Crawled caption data
╔══
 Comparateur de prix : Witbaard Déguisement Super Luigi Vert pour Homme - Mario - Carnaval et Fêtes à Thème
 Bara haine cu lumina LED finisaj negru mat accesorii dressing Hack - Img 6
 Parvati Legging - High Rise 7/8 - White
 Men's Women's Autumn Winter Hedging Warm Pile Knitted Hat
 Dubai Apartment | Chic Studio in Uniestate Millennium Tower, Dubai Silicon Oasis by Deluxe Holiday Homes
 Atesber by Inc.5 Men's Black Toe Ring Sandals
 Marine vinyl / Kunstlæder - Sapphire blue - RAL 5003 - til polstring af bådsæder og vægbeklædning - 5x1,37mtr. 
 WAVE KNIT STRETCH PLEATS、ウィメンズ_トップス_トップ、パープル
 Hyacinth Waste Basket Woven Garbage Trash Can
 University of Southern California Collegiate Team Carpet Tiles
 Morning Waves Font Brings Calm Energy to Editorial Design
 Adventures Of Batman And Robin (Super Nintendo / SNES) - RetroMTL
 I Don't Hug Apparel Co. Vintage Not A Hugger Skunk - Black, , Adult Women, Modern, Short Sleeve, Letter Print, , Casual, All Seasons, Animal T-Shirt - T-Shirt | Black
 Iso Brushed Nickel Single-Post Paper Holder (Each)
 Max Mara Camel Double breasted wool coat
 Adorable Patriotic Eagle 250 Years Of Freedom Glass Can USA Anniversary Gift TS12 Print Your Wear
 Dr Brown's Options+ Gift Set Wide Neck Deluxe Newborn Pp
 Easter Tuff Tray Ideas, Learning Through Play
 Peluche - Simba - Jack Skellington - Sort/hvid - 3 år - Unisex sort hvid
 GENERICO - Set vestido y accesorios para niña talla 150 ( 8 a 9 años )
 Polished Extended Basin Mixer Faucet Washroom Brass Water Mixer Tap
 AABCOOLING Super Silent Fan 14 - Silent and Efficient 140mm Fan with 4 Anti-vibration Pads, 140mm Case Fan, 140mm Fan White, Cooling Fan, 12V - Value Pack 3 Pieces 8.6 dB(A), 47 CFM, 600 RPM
╚══
*Problem requirements*. Where in the records above does the word "Super" appear? Copy each line that holds it.

*Task answer*.
 Comparateur de prix : Witbaard Déguisement Super Luigi Vert pour Homme - Mario - Carnaval et Fêtes à Thème
 Adventures Of Batman And Robin (Super Nintendo / SNES) - RetroMTL
 AABCOOLING Super Silent Fan 14 - Silent and Efficient 140mm Fan with 4 Anti-vibration Pads, 140mm Case Fan, 140mm Fan White, Cooling Fan, 12V - Value Pack 3 Pieces 8.6 dB(A), 47 CFM, 600 RPM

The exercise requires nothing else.